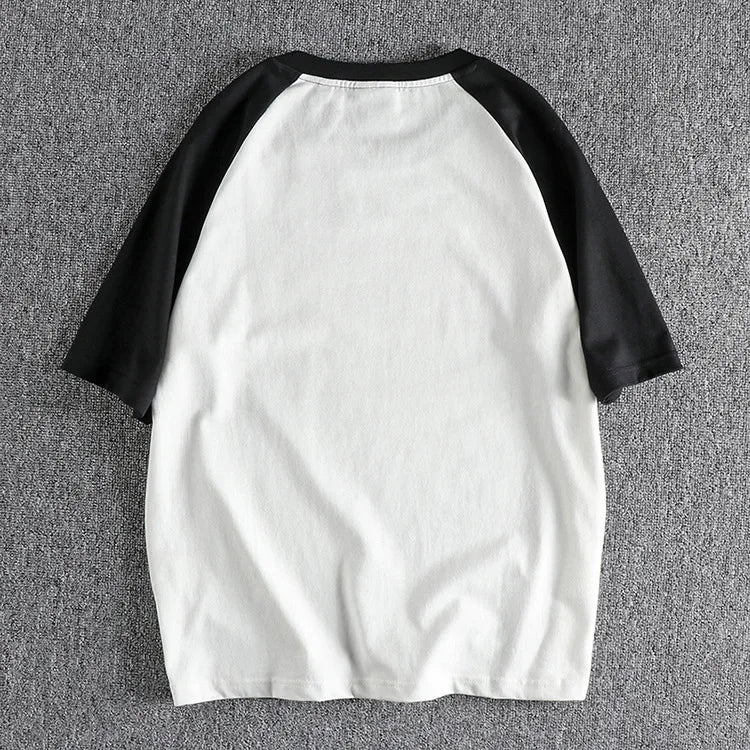 Y2k Melting smiley – Summer Mens Short Sleeved Casual Beach Wind Coconut Tree Pri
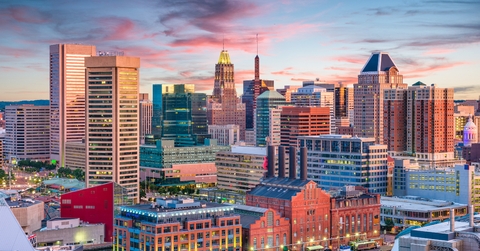 baltimore maryland usa skyline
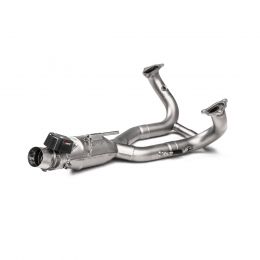 Collettore di scarico 2 in 1 Akrapovic E-B12H1T/1 titanio omologato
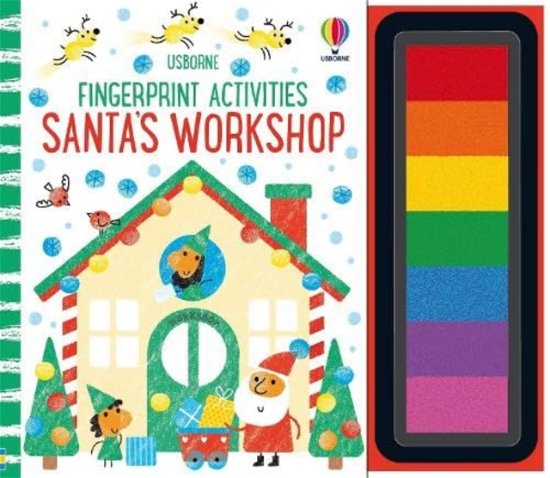 Fingerprint Activities Santa's Workshop - Fingerprint Activities - Fiona Watt - Książki - Usborne Publishing Ltd - 9781805318910 - 10 października 2024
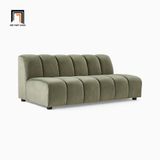  Ghế sofa văng nhỏ gọn dài 1m7 BT271 Avalon vải nỉ xám trắng 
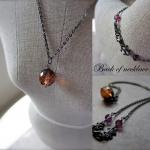 Amber Glow necklace - distr..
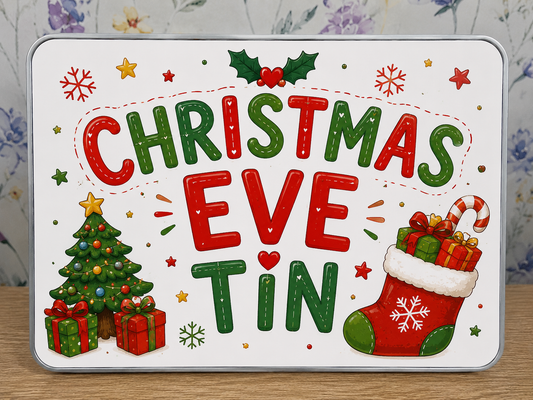 Christmas Eve Storage Tin
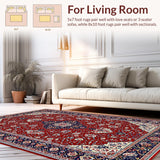 Chic Lattice Floral Composition(Red)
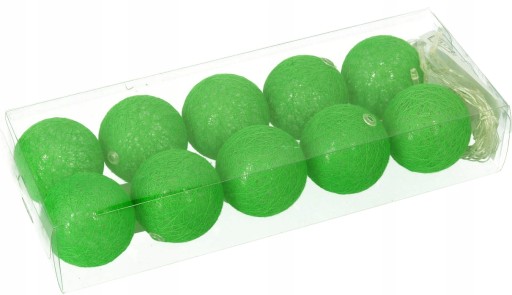 vatové gule svietidlá žiariace gule 10 LED zelená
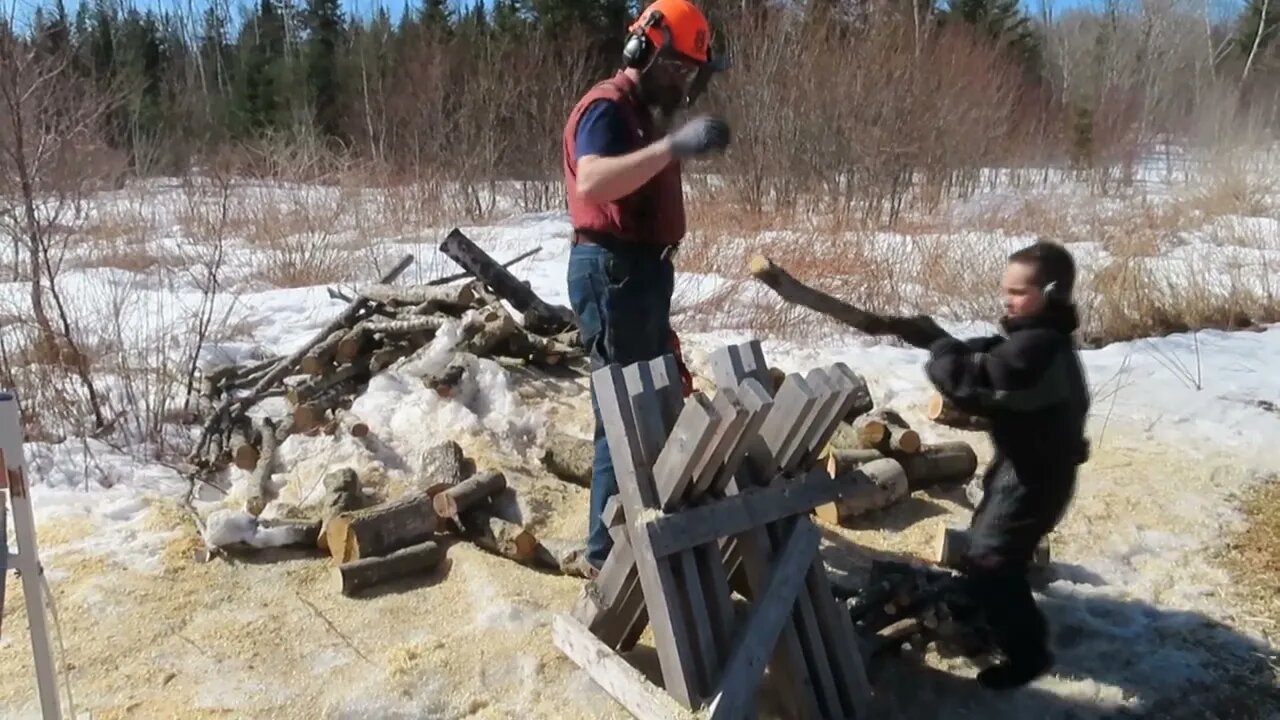 Off Grid Spring Firewood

* **What you should do**
Starting with the line that contains "Collettore di scarico", give the lines again exactly as they appear through the last line of the data, pictures excluded.

* **Task output**
 Collettore di scarico 2 in 1 Akrapovic E-B12H1T/1 titanio omologato
 Fingerprint Activities Santa's Workshop - Fingerprint Activities - Fiona Watt - Książki - Usborne Publishing Ltd - 9781805318910 - 10 października 2024
  Ghế sofa văng nhỏ gọn dài 1m7 BT271 Avalon vải nỉ xám trắng 
 Amber Glow necklace - distr..
 Christmas Eve Storage Tin
 Chic Lattice Floral Composition(Red)
 vatové gule svietidlá žiariace gule 10 LED zelená
 Off Grid Spring Firewood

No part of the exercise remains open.